Arriving at Rough Trade there was a line of 49 people waiting to get into the store, but it was quickly revealed that if one wanted to shop the store, they could go right in. The line was only for people wanting to peruse the Record Store Day releases, which were merchandised inside the store on a table lined with seven crates that allowed only seven shoppers to sort through the crates one-at-a-time.
Betty Who, early on in her set, at the live club inside Rough Trade. Photo: Ed Franke
Betty Who was up right away and the Sony Music Entertainment sales staff on site did a good job of coaxing shoppers into the club housed inside the store. Who laid down a nice set of tunes as the initally sparsely populated room began to get a nice crowd by the third song. Maybe next year, Rough Trade can form the line for the RSD releases coming out of the club so the shoppers waiting to wade through the bins can at least enjoy the show.
Daddy Long Legs revs up for the shoppers at Generation Records in Manhattan.
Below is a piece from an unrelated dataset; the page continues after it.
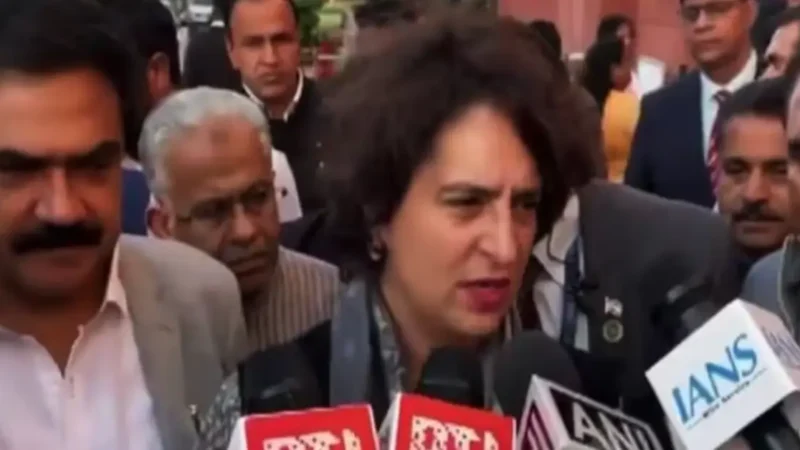 വയനാടിന് 2221 കോടിയുടെ പാക്കേജ് വേണം; പ്രിയങ്കയും എംപിമാരും അമിത് ഷായെ കണ്ടു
Photo: Ed Franke
At 1:45pm, it was time to hop in the car and shoot over to Generation Records in the Village to catch a set by Daddy Long Legs, a bluesy garage-rock combo signed to Norton Records, "where the loud sound abounds." The main floor at Generation Records was hopping as shoppers combed through the racks. Downstairs, about 50 people grooved to Daddy Long Legs laying down a scorching set.
The band was also smart enough to tout their upcoming album and in a twist point out that they had copies of their albums for sale themselves, as opposed to encouraging shoppers to buy their albums from the store.
After a beer and catching up with Music Video Distributors sales rep Larry Germack, it was back to Brooklyn, swinging past Rough Trade again. At 4pm the shop still had a line so long that some potential shoppers were stopping in their tracks and wavering over their commitment to go record shopping, until Retail Track filled them in his valuable lesson learned earlier: that if they didn't want Record Store Day releases, they could walk right into the store without suffering the line.
A brief lull in the shopping at Permanent Records in Greenpoint. Photo: Ed Franke
Onto Permanent Records in Greenpoint, where there was a short line outside the store as the small store staff dealt with a cramped space filled by shoppers eager to make purchases. Outside, WEA VP of sales Billy Fields looked pleased with the excitement created around Record Store Day and the more than 100 releases the Warner Music Group had collectively issued for the day. One of those releases, Husker Du's "Candy Apple Gray," was lovingly being clutched by the shopper second in line to the cash register.
As Retail Track headed for home and passed the Permanent Records storefront once more about 4:45pm, it was clear the day was still far from over for some shoppers, as about a dozen people were waiting to gain entrance.